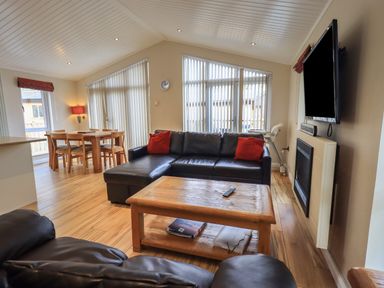 A living room with a black leather sofa and red cushions a wooden coffee table a dining table set and a wall-mounted television at Oakwood Lodge Langdale 3 White Cross Bay Windermere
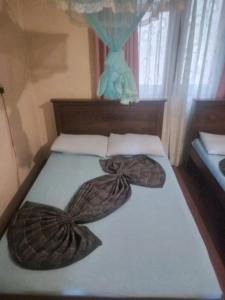 a bed with two large pillows on top of it at New Holiday Bungalow in Diyatalawa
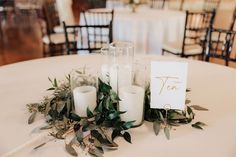 candles and greenery are arranged on the table for an elegant wedding centerpieces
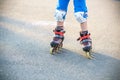 Little boy learning to roller skate in summer park. Children wearing protection pads for safe roller skating ride. Active outdoor Royalty Free Stock Photo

---*---

- [YOUR INSTRUCTIONS] After locating the line that holds "candles and greenery", output exactly the lines from it through the last line of the material above, inclusive, without pictures.

- [FINISHED EXERCISE]
 candles and greenery are arranged on the table for an elegant wedding centerpieces
 Little boy learning to roller skate in summer park. Children wearing protection pads for safe roller skating ride. Active outdoor Royalty Free Stock Photo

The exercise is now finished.